Why being first doesn't matter. - georgel

I have been working on my startup since August, and released our app (Gruburg) in November. The day after it got released, Google HotPot was announced. Since what I made was basically the same as Google's new product, my spirits were destroyed.<p>Fast forward to today. At this point I am on the third version of the app, with social features and other things. I am even giving people money to use the app! Nothing, stuck with just organic(read: slow) growth. Foursquare releases their update today and its 1:1 with my app features. Why would anyone download another geolocation app, if they already have one that friends use?<p>Spirits destroyed, I am thinking of killing Gruburg. Being first (or having grand ideas) means nothing to me now, regardless of execution.
======
elektrolyte79
It's been said many times that there is no such thing as an original idea,
that everything created in the world is a derivative of or inspired by
something else.
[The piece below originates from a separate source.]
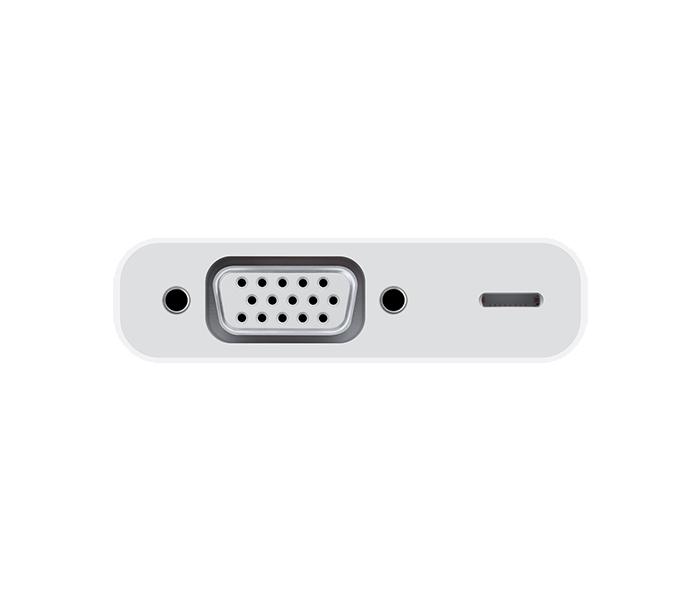 Apple MD825ZM/A Lightning to VGA Adapter - White - Zoom Image 1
For the most part I think this is true but it also depends on
how you define originality. If you're a purist, which is sounds like you are,
then originality is extremely hard to achieve. I mean, the very essence of
inspiration means being inspired by the idea, words or work of someone or
something else. I think a better way thing to strive for is creating something
useful, something that brings people joy and/or improves their lives. In the
end, if you're work is derivative of something else, who cares, as long as
it's not plagarism and you've made meaningful changes or improvements that
differentiates your product from the inspiration - then originality starts to
not matter so much. Don't start by trying to reinvent the wheel - maybe start
out by trying to make it better or more useful for a particular group of
people.

Good luck!

------
baremetal
Consumer marketing is hard, the people are flighty.